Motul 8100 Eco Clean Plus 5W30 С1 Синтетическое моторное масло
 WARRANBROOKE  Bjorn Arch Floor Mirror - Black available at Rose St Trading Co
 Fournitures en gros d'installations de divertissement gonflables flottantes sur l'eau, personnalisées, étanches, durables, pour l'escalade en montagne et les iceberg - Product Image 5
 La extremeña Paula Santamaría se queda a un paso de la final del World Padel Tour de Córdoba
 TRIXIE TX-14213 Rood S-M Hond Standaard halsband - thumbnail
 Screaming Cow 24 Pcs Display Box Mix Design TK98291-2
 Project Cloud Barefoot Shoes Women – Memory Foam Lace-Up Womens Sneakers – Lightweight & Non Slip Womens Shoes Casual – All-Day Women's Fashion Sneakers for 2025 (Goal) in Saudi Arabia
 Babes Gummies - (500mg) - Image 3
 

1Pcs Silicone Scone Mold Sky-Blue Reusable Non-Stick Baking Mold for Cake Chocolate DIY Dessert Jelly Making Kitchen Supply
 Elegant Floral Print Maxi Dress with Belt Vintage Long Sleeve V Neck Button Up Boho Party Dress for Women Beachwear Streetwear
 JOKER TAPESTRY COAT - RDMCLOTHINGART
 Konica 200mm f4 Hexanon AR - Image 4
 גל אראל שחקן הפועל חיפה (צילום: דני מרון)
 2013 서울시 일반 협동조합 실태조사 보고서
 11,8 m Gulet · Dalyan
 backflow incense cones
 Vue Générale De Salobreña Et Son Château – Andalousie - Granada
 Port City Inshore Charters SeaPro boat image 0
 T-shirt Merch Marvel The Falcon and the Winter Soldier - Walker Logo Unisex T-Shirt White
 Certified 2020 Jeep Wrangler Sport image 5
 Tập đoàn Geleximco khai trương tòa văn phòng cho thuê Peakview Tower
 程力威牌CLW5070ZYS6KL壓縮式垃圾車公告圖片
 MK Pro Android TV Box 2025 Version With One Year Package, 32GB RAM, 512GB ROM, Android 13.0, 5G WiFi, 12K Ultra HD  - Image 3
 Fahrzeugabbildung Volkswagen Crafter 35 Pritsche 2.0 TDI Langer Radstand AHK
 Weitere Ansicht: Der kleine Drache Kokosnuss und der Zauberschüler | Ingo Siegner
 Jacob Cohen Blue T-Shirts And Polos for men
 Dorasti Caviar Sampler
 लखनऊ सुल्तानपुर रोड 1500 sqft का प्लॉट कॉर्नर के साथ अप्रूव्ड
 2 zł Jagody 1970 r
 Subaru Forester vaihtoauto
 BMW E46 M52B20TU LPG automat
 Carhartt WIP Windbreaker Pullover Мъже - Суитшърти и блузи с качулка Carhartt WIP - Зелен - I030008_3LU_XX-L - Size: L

============

## Work task
Up to and including the line with "Babes Gummies - (500mg) - Image 3", print every line of the material above, starting from its first line, exactly.

## Exercise output
Motul 8100 Eco Clean Plus 5W30 С1 Синтетическое моторное масло
 WARRANBROOKE  Bjorn Arch Floor Mirror - Black available at Rose St Trading Co
 Fournitures en gros d'installations de divertissement gonflables flottantes sur l'eau, personnalisées, étanches, durables, pour l'escalade en montagne et les iceberg - Product Image 5
 La extremeña Paula Santamaría se queda a un paso de la final del World Padel Tour de Córdoba
 TRIXIE TX-14213 Rood S-M Hond Standaard halsband - thumbnail
 Screaming Cow 24 Pcs Display Box Mix Design TK98291-2
 Project Cloud Barefoot Shoes Women – Memory Foam Lace-Up Womens Sneakers – Lightweight & Non Slip Womens Shoes Casual – All-Day Women's Fashion Sneakers for 2025 (Goal) in Saudi Arabia
 Babes Gummies - (500mg) - Image 3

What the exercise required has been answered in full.